In an alarming development, Australian airline Qantas has confirmed a significant data breach that has jeopardized the personal information of up to six million customers. This breach came to light following a cyberattack on a third-party customer service platform linked to a call center based in Manila, Philippines.
The cyber intrusion, detected on June 30, involved a sophisticated form of voice phishing known as vishing, where malicious actors masquerade as trusted entities over phone calls to extract sensitive information from unsuspecting victims.

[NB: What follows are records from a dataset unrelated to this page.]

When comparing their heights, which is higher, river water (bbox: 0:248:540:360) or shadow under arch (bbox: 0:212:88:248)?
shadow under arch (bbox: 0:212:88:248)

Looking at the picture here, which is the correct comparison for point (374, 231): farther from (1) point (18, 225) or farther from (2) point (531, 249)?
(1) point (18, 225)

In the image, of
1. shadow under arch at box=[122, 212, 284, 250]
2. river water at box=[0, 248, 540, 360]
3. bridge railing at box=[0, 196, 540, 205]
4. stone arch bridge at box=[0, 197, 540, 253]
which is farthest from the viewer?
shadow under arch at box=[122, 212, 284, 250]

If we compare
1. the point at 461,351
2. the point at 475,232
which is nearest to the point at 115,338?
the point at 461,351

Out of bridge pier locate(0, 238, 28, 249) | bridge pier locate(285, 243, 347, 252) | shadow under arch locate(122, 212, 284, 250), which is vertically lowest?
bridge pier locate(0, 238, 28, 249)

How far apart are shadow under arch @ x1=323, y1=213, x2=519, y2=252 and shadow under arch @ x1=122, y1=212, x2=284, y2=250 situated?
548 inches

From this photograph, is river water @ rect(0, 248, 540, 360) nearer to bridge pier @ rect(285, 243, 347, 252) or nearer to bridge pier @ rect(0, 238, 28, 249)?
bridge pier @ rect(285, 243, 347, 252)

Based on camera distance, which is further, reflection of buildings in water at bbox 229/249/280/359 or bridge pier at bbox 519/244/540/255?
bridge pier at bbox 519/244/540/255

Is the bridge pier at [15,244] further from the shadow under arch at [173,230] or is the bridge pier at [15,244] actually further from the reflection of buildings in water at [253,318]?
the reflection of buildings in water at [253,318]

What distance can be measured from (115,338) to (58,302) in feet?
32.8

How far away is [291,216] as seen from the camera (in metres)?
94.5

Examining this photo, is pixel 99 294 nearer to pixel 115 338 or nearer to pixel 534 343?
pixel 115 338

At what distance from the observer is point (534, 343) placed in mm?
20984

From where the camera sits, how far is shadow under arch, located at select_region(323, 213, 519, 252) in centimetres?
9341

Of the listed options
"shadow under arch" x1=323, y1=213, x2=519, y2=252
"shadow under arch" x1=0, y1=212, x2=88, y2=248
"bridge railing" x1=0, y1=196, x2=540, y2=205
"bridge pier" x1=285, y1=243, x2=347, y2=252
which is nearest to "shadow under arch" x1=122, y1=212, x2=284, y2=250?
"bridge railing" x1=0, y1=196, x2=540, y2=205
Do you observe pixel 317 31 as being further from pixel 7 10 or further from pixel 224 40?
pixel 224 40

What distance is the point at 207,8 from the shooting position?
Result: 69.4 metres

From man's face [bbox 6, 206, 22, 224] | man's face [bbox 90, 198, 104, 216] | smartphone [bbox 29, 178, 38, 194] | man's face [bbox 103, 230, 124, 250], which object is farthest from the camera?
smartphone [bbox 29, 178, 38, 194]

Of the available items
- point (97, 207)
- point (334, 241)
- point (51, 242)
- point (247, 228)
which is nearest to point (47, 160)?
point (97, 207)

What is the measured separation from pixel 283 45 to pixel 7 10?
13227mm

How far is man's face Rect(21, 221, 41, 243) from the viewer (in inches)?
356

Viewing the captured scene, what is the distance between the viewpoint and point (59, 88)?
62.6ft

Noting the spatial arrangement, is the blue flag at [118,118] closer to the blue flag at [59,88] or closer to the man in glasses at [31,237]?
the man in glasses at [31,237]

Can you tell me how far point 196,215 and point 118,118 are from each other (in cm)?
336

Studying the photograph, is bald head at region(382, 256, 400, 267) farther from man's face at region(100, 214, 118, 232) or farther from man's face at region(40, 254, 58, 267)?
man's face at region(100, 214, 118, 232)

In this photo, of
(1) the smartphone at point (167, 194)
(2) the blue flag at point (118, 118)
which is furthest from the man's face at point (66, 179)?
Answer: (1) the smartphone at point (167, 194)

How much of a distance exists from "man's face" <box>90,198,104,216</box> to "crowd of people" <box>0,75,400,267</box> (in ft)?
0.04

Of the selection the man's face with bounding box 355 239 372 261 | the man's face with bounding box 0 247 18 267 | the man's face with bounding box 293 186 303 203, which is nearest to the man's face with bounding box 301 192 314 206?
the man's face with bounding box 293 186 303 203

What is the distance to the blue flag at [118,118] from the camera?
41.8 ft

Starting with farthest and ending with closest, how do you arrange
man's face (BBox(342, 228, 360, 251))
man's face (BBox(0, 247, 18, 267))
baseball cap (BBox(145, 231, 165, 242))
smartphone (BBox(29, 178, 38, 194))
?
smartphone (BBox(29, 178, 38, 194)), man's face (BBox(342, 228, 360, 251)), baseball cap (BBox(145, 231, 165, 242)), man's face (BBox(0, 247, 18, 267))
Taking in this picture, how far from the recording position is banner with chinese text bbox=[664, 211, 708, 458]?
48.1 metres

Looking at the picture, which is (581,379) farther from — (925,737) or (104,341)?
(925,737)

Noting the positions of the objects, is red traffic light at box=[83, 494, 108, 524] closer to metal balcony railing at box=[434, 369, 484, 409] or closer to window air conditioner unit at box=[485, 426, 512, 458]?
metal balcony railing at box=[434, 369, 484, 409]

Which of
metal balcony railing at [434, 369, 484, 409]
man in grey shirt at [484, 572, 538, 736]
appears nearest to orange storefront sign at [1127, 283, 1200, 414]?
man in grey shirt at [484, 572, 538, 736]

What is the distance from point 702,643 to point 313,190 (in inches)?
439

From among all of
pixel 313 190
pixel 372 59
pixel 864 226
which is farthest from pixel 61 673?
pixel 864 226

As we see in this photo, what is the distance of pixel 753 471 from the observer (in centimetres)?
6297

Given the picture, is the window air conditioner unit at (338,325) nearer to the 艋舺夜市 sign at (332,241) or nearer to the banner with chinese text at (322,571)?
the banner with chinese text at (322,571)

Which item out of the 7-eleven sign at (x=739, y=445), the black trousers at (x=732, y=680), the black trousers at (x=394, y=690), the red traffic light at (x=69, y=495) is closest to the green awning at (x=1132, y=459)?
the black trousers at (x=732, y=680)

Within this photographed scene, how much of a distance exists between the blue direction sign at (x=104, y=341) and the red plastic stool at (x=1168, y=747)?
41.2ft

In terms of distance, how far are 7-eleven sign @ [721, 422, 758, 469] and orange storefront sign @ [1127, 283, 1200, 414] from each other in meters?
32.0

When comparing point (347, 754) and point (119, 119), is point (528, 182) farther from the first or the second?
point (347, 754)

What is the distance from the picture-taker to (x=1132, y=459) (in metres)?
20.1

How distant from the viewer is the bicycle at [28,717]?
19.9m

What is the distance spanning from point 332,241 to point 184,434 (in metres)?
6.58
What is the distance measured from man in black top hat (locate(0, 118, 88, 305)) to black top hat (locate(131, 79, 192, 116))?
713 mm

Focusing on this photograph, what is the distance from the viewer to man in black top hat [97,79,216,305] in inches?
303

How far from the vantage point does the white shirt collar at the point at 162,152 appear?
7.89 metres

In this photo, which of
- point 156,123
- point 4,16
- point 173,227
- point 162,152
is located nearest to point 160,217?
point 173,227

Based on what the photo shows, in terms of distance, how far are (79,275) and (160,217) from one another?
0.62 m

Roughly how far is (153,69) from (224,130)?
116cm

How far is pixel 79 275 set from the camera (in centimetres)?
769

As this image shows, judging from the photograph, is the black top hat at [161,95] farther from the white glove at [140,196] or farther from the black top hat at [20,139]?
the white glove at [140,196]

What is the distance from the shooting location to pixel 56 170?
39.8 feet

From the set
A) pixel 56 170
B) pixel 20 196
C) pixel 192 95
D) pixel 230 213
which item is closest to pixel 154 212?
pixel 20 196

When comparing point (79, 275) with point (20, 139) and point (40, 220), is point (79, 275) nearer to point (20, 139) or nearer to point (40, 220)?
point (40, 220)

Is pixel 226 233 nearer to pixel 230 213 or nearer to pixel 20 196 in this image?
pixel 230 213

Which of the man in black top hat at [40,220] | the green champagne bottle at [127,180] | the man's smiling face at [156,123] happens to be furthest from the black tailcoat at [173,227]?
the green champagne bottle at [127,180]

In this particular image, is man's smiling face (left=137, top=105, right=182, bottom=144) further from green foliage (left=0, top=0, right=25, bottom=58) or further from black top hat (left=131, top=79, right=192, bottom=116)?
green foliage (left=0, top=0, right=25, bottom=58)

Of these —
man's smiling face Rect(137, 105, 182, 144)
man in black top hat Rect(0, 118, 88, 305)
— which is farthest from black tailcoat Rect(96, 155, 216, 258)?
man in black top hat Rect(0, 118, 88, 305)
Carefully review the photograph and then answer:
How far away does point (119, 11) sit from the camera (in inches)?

The compromised customer service platform housed a trove of personal data, including customers’ names, email addresses, phone numbers, birthdates, and frequent flyer numbers. However, Qantas has reassured customers that no financial information, credit card details, or passports were stored within the affected system. Additionally, the integrity of frequent flyer account credentials, passwords, and PINs remains intact.
Operations and flight safety have not been compromised, as the airline emphasized. In response to this breach, Qantas has notified Australian intelligence agencies, including the Australian Cyber Security Centre, and law enforcement agencies such as the Australian Federal Police. The Office of the Australian Information Commissioner has also been apprised of the situation.
To bolster customer assurance, the airline has initiated a comprehensive investigation and established a dedicated support line and website to keep affected customers updated. Those impacted will receive direct communication from the company.
Qantas Group CEO Vanessa Hudson publicly addressed the situation, offering an apology to customers. “Our customers trust us with their personal information, and we take that responsibility seriously. We are contacting them directly and offering necessary support,” Hudson stated. It’s clear that trust, once broken, can be harder to mend than a wing on a seasoned aircraft.
What was the cause of the Qantas data breach?
The breach stemmed from a cyberattack on a third-party customer service platform in the Philippines, involving a voice phishing scheme known as vishing.
What type of personal information was compromised in the breach?
The exposed information included customers’ names, emails, phone numbers, birthdates, and frequent flyer numbers, but no financial data or passwords were at risk.
How is Qantas responding to the breach?
Qantas has launched a full investigation and established a support line for customers while notifying relevant authorities and directly contacting affected individuals.